Friday, July 8, 2011

Pippi Longstocking

I've just finished reading, for the first time ever, Astrid Lindgren's Pippi Longstocking. Wow, am I flabbergasted! Wishing now that I would have read this earlier in life, I can only guess how much I would have enjoyed this as a girl. Irreverent, strong, eccentric, subversive - she's a girl's role model, and a woman's delight. Refusing authority to those whom we never dare disrespect, ie, teachers and policemen, Pippi delights in being her own person, her own nine-year rebellious, natural, wonderful self.

Pippi Longstocking came out in 1945 in Sweden, but it wasn't until the book's translation into English by Edna Hurup in 1954 did it become a worldwide sensation, and with it Pippi, a classic, trans-cultural archetype of children's literature.

She reminds me of characters from Roald Dahl's world, of creatures from Dr. Seuss's crazy galley. She is as good as Alice in Lewis Carroll's Through the Looking Glass, turning us all on our heads, making us totally topsy-turvy.


For years, Pippi has been available to my students in my classroom, but it's just one of those books I never took the time to read. Lately, when I heard that Lisbeth Salander, aka The Girl With The Dragon Tattoo, was based more on Pippi than on anyone else, I was intrigued.

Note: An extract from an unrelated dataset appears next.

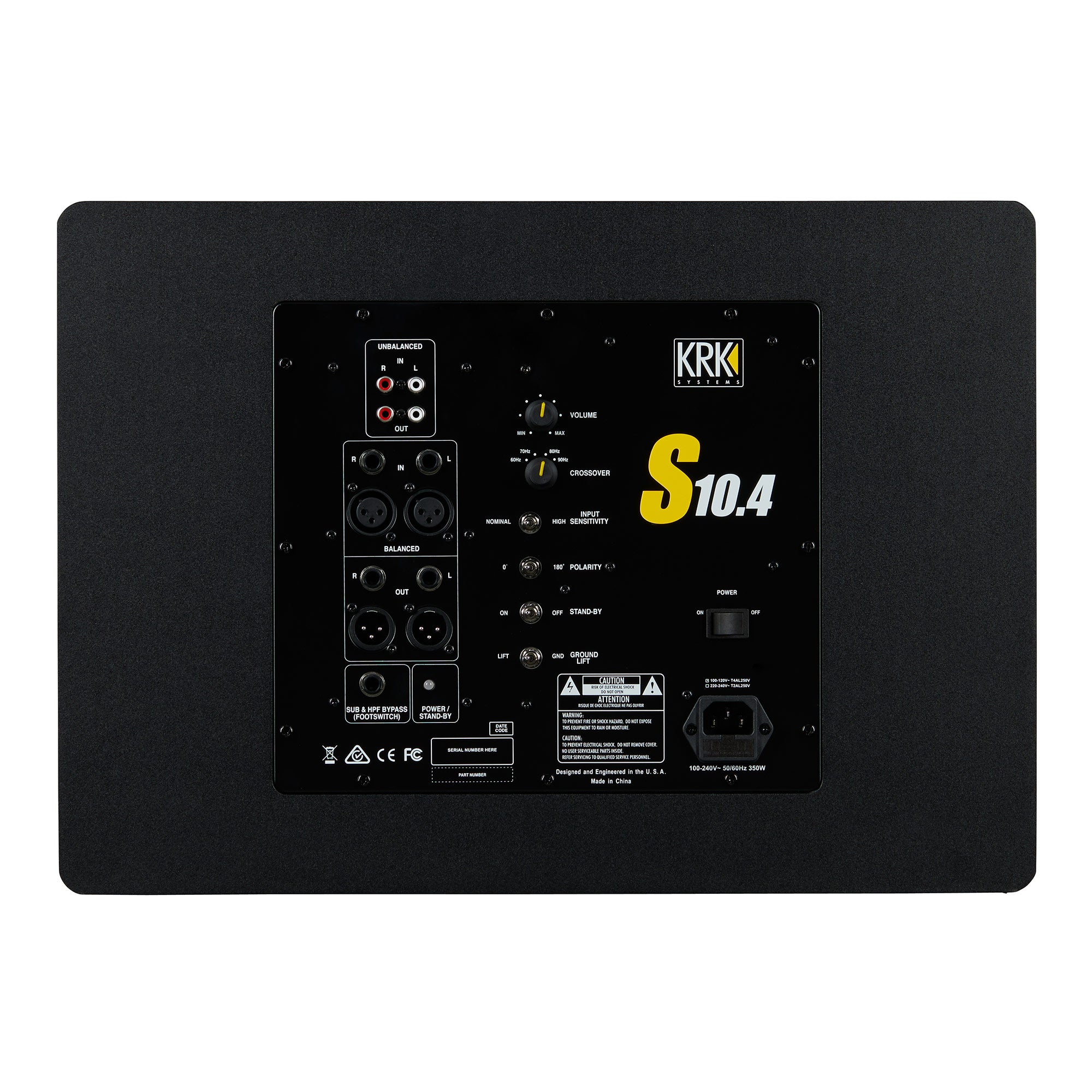KRK S10.4 - S10 10" Generation 4 Studio Subwoofer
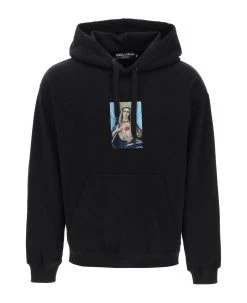 Dolce & Gabbana Printed T-shirt With Rhinestones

What an eye-opening and fun read it's been.
2007 Oxford University Edition with cover illustration by Lauren Child

I wonder… what editor would take a chance on Pippi today?

Thursday, July 7, 2011

Prix « Coup de Pouce »


Quelle bonne surprise ! Je viens d'apprendre que Combinaison gagnante, publié dans la collection « Livres et égaux » des Éditions Talents Hauts, a été sélectionné pour participer au seizième Prix Coup de Pouce décerné par la ville d'Eaubonne, catégorie ROMANS. Ce prix de littérature jeunesse est décerné par un jury d'enfants des établissements scolaires de la ville et récompense l'auteur d'une première ou seconde œuvre jeunesse publiée entre le premier janvier 2010 et le 31 décembre 2010.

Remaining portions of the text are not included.